June 24, 2008 Author: Beth Salerno
Tod and I arrived back home in New Hampshire in the wee hours of June 23. Turbulence over the pacific and thunderstorms over New England made for rough flights and various delays. But we, and now our luggage, are safe at home, and we are re-adapting to life together in the USA.
As I expected, “culture shock” has me quite off-balance. At the airport in Chicago, I automatically used Korean for the basic daily phrases like “Excuse me” and “Thank you”. I also used the hand gestures that are standard politeness in Korea. I was surprised how automatic these had become. Also, many small things simply feel “wrong”. Spoons are too short and narrow; in Korea there are only soup spoons and they have quite long handles. Bathrooms sinks are too high; I had gotten used to them being just above my knees. Today I drove a car for the first time in 10 months. I found I was far more apprehensive than I expected. All of these will pass.

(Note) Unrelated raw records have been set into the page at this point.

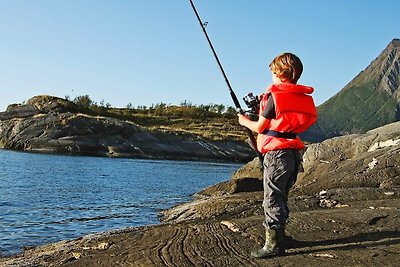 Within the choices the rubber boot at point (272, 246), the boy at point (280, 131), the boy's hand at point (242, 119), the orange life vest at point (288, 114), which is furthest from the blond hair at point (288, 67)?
the rubber boot at point (272, 246)

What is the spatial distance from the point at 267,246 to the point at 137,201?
1343 cm

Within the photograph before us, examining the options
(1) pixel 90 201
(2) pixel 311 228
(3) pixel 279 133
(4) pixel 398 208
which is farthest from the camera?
(1) pixel 90 201

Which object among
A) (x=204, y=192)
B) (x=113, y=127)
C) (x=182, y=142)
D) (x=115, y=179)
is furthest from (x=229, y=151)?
(x=204, y=192)

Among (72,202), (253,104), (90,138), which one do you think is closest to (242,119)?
(253,104)

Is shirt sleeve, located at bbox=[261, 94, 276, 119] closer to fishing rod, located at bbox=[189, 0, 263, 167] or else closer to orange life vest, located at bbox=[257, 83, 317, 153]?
orange life vest, located at bbox=[257, 83, 317, 153]

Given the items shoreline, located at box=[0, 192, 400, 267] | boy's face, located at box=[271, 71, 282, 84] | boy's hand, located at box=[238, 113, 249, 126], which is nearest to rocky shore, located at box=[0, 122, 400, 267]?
shoreline, located at box=[0, 192, 400, 267]

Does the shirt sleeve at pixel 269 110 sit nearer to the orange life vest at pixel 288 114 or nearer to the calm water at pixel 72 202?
the orange life vest at pixel 288 114

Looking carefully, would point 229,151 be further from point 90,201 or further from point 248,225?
point 248,225

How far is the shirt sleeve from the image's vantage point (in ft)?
19.0

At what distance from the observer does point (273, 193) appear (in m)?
5.93

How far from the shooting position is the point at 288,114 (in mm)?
5758

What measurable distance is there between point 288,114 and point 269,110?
213 mm

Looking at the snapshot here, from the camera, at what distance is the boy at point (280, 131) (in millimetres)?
5773

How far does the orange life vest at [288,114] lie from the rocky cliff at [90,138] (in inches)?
2135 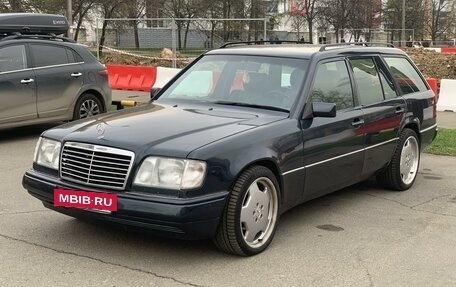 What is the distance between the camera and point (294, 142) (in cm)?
466

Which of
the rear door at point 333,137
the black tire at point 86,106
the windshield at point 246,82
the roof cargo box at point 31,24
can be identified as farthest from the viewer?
the black tire at point 86,106

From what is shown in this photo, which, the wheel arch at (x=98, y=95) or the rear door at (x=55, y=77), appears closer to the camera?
the rear door at (x=55, y=77)

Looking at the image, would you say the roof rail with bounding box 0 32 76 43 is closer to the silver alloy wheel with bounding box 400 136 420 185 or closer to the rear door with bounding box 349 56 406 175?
the rear door with bounding box 349 56 406 175

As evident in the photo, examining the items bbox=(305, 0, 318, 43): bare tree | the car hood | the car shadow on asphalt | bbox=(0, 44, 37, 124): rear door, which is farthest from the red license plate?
bbox=(305, 0, 318, 43): bare tree

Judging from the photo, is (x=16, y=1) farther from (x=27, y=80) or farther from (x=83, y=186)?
(x=83, y=186)

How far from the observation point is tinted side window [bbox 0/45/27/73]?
8.69m

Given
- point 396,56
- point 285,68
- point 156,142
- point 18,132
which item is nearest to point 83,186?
point 156,142

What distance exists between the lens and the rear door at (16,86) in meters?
8.63

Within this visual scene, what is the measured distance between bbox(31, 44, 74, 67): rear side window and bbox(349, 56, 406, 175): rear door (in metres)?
5.46

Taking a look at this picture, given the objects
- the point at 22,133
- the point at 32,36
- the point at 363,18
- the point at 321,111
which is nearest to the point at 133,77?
the point at 22,133

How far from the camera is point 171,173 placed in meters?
3.90

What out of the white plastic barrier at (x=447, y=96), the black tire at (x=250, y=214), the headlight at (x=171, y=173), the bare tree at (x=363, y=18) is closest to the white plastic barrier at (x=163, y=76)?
the white plastic barrier at (x=447, y=96)

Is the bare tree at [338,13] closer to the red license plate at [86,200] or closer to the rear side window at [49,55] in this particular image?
the rear side window at [49,55]

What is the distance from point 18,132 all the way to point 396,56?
6581 mm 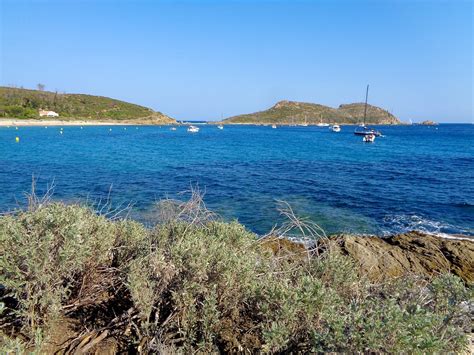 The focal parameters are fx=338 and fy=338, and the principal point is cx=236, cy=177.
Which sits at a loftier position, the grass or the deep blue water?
the grass

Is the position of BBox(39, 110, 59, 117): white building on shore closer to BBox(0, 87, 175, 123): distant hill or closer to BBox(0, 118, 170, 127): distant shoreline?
BBox(0, 87, 175, 123): distant hill

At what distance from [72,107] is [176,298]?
152911 mm

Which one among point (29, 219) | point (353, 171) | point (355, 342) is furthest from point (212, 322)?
point (353, 171)

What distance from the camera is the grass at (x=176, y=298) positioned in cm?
335

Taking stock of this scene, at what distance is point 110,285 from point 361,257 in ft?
21.7

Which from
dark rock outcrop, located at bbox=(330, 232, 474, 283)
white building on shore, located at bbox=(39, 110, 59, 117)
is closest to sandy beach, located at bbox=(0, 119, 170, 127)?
white building on shore, located at bbox=(39, 110, 59, 117)

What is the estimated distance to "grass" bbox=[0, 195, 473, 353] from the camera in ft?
11.0

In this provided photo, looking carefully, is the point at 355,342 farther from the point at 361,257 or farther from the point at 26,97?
the point at 26,97

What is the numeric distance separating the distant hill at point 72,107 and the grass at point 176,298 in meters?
121

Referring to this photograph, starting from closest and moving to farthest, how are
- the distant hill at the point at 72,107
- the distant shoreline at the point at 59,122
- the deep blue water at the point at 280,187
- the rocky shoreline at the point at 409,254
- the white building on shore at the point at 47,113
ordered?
the rocky shoreline at the point at 409,254, the deep blue water at the point at 280,187, the distant shoreline at the point at 59,122, the distant hill at the point at 72,107, the white building on shore at the point at 47,113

Since I am home and safe, I will post only one more blog entry after this. Thank you to all of you who have read these postings regularly or on occasion. Special thanks to those of you who sent thoughts and encouragement during my time away. I have really appreciated having this space where I could process my experiences, share them with others, and feel part of a community of enthusiastic supporters.
Here is one short story from my last week in Korea. Eight days before I left, Tod and I climbed Baegundae Peak on Mount Bukhansan. I had climbed everything EXCEPT the peak in early October (see blog entry titled “Lessons Learned in Bukhansan National Park”). The peak was too much for me - you pulled yourself up on steel cables, with nothing between you and the ground except a stunning view. I had been, and still am, proud that I managed to get to the mountain and find the peak, with minimal Korean and no map, only one month after I arrived; that I could not climb the peak was not a big deal. But this time, with Tod along to encourage and cajole me, I had the courage to actually scale the peak. The view was spectacular and the sense of accomplishment was even better.
As always, life is easier and better with help along the way.